Asisten Deputi Pemberdayaan Kawasan Strategis dan Khusus Kemenko PMK Wijanarko Setyawan mengatakan bahwa terdapat 784 kecamatan di wilayah perbatasan. Sementara dalam kurun lima tahun, 187 kecamatan sudah menyelesaikan tahapan pembangunan yang dikerjakan oleh 34 kementerian/lembaga. “Target kita 784 kecamatan perbatasan sudah kita selesaikan di tahun ini,” ujarnya saat memimpin rapat persiapan tersebut.
Wijanarko pun mengungkapkan, ide dari pemetaan masalah yang dilakukan kementerian/lembaga (K/L) terhadap sejumlah kawasan perbatasan adalah bagaimana memperkecil ketimpangan di desa. Untuk itu, dibutuhkan alat ukur yang objektif.

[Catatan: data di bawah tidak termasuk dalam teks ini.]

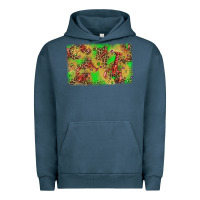 Pigment Midnight Navy mardi gras crawfish and glitter background Urban Hoodie - AdoDesignShop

Adapun aspek dari pembangunan perbatasan di Rencana Pembangunan Jangka Menengah Nasional (RPJMN) tahun 2015-2019 kurang lebih menyebutkan perbatasan sebanyak 72 kali. Maka hal itu pun kemudian Kemenko PMK memandag perlu persoalan pembangunan perbatasan menjadi sorotan khusus.
Dari masukan dari K/L terkait, secara topografi, pada dasarnya beberapa kawasan perbatasan tidak terlalu sulit untuk membangun infrastruktur sehingga ada peluang untuk meningkatkan pembangunan di kawasan perbatasan. Namun dari dimensi pendidikan, masih terdapat permasalahan seperti belum terpenuhinya standar pelayanan minimal.
Data Kemenko PMK mengungkapkan, masih terdapat 60 desa yang tidak memiliki sekolah SD/MI dengan aksesibilitas sulit menjangkau dari desa ke sekolah di luar wilayah desa. Sebanyak 270 desa tidak punya SMP/MTS dan 650 desa tidak mempunyai SMA/SMK.
Dimensi kesehatan, masyarakat juga masih sulit mencapai akses RS. Walhasil, solusinya kembali ke persoalan pembangunan infrastruktur menuju fasilitas layanan kesehatan RS serta memastikan pelayanan Puskesmas di desa tersedia secara baik dan terjangkau.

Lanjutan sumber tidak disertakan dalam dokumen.